En l’espèce, aucune circonstance ne justifie que ces dispositions soient écartées. Les défenderesses seront donc déboutées de leur demande tendant à voir écartée l’exécution provisoire de la décision.
PAR CES MOTIFS,
Le Tribunal, statuant publiquement par jugement réputé contradictoire, rendu en premier ressort et par mise à disposition au greffe,
CONSTATE que les deux procédures enregistrées sous les numéros RG 23/00724 et RG 25/00219 ont été jointes au cours de la mise en état et qu’elles sont désormais traitées sous le seul n°23/00724,
DEBOUTE la SARL [D] représentée par la SELARL EKIP ès qualités de mandataire liquidateur de cette dernière, de sa demande de « dire et juger nul, non avenu et de nul effet le commandement avec rappel de la clause résolutoire délivré à la SARL [D] le 13 mars 2023 à la requête des consorts [V] »

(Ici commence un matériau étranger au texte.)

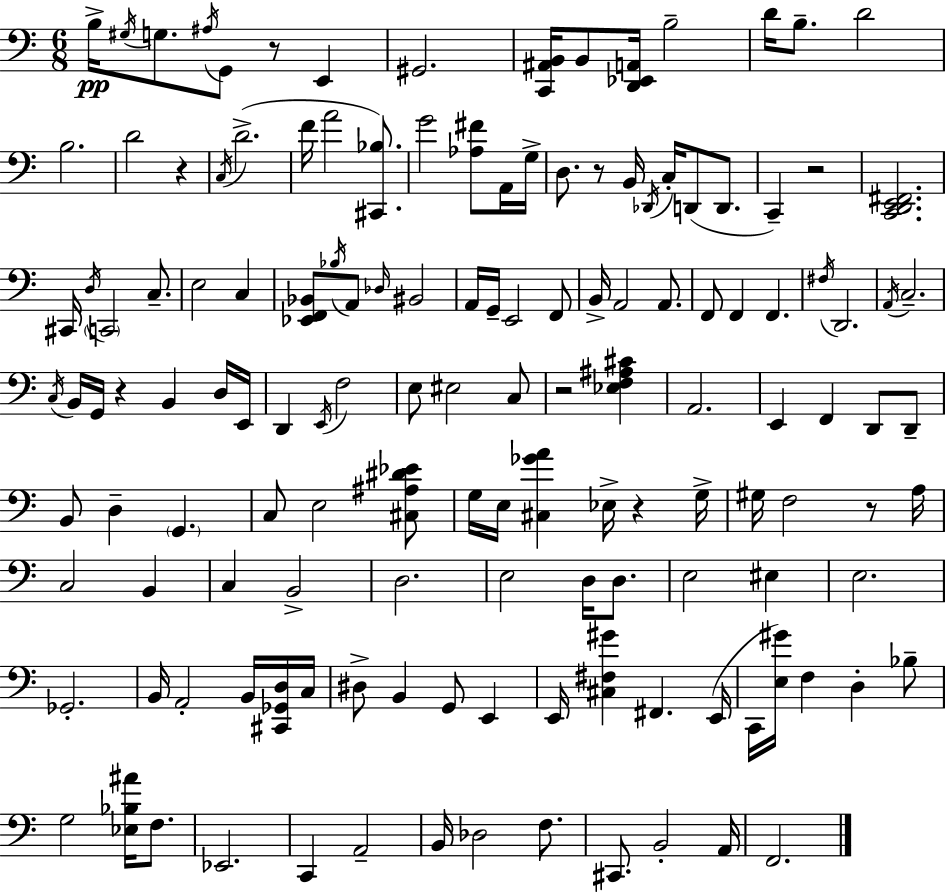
B3/s G#3/s G3/e. A#3/s G2/e R/e E2/q G#2/h. [C2,A#2,B2]/s B2/e [D2,Eb2,A2]/s B3/h D4/s B3/e. D4/h B3/h. D4/h R/q C3/s D4/h. F4/s A4/h [C#2,Bb3]/e. G4/h [Ab3,F#4]/e A2/s G3/s D3/e. R/e B2/s Db2/s C3/s D2/e D2/e. C2/q R/h [C2,D2,E2,F#2]/h. C#2/s D3/s C2/h C3/e. E3/h C3/q [Eb2,F2,Bb2]/e Bb3/s A2/e Db3/s BIS2/h A2/s G2/s E2/h F2/e B2/s A2/h A2/e. F2/e F2/q F2/q. F#3/s D2/h. A2/s C3/h. C3/s B2/s G2/s R/q B2/q D3/s E2/s D2/q E2/s F3/h E3/e EIS3/h C3/e R/h [Eb3,F3,A#3,C#4]/q A2/h. E2/q F2/q D2/e D2/e B2/e D3/q G2/q. C3/e E3/h [C#3,A#3,D#4,Eb4]/e G3/s E3/s [C#3,Gb4,A4]/q Eb3/s R/q G3/s G#3/s F3/h R/e A3/s C3/h B2/q C3/q B2/h D3/h. E3/h D3/s D3/e. E3/h EIS3/q E3/h. Gb2/h. B2/s A2/h B2/s [C#2,Gb2,D3]/s C3/s D#3/e B2/q G2/e E2/q E2/s [C#3,F#3,G#4]/q F#2/q. E2/s C2/s [E3,G#4]/s F3/q D3/q Bb3/e G3/h [Eb3,Bb3,A#4]/s F3/e. Eb2/h. C2/q A2/h B2/s Db3/h F3/e. C#2/e. B2/h A2/s F2/h.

CONSTATE la validité du commandement délivré le 13 mars 2023 et l’acquisition de la clause résolutoire du bail commercial conclu le 2 octobre 2018 entre Madame [C] [V] épouse [B] et Madame [P] [V] épouse [I] d’une part et la SARL [D] d’autre part,
FIXE la créance de Madame [C] [V] épouse [B] et de Madame [P] [V] épouse [I] au passif de la SARL [D] à la somme de 38.875,83 € répartie comme suit :
A titre de créance privilégiée suivant l’article L.622-16 du Code de commerce : 19.220,52 €
— Indexation de loyer 2022 : 430,50 € ;
— Loyer de novembre 2023 : 2.490,59 € ;
— Loyer de décembre 2023 : 2.490,59 € ;
— Loyer de janvier 2024 : 2.578,76 € (loyer indexé sur la base du bouclier anti-inflation de 3,5 %) ;
— Loyer d’avril 2024 : 2.578,76 € ;
— Loyer de mai 2024 : 2.578,76 € ;
— Loyer de juin 2024 : 2.578,76 € ;
— Loyer de juillet 2024 : 2.578,76 € ;
— Loyer du 1er au 11 août 2024 : 915,04 € (2.578,76 € / 31 x 11)
A titre de créance chirographaire : : 19.655,31 €
— La quote-part de TOM 2023 : 645 € (1.050 € X 215 m² sur 350 m²)
— L’indemnisation d’un préjudice financier au titre des travaux de recherches de fuites et vérifications de travaux : 726,50 €
— L’indemnisation d’un préjudice financier au titre de la perte de revenus locatifs relatifs à l’appartement situé au-dessus du bar depuis le 11 octobre 2023 : 8.748 € (729 € x 12 mois)
— La quote-part de TOM 2024 : 715 € (1.160 € x 215 m² / 350 m²)
— L’Indemnité contractuelle et forfaitaire de frais contentieux (10 %) à valoir sur les causes du commandement du 23 mai 2024 : 871,62 € (10 % de 8.716,18 €)
— Les intérêts contractuels au taux légal majoré de 4 points calculés comme suit et arrêté à la date du jugement d’ouverture : 1.459,10 €
o Intérêt sur l’indexation de loyer 2022 : 107,54 €
o Intérêt sur le loyer de novembre 2023 : 372,75 €
o Intérêt sur le loyer de décembre 2023 : 338,20 €
o Intérêt sur le loyer de janvier 2024 : 312,01 €
o Intérêt sur le loyer d’avril 2024 : 181,62 €
o Intérêt sur le loyer de mai 2024 : 138,64 €
o Intérêt sur le loyer de juin 2024 : 94,22 €
o Intérêt sur le loyer de juillet 2024 : 51,45 €
o Intérêt sur le loyer du 1er au 1 août 2024 : 8,34 € ;
— L’allocation d’un article 700 du Code de procédure civile : 3.000 € ;
— Les dépens ;
FIXE la créance de Madame [C] [V] épouse [B] et de Madame [P] [V] épouse [I] au passif de la SARL [D] à la somme de 3 000 euros sur le fondement de l’article 700 du Code de procédure civile,
CONDAMNE la SARL [D] représentée par la SELARL EKIP ès qualités de mandataire liquidateur de cette dernière la SELARL EKIP, aux entiers dépens de l’instance à l’exception toutefois des frais de commissaire de justice,
REJETTE toutes les autres demandes,
RAPPELLE l’exécution provisoire de la présente décision.
Ainsi jugé et mis à disposition au Greffe le 19 février 2026.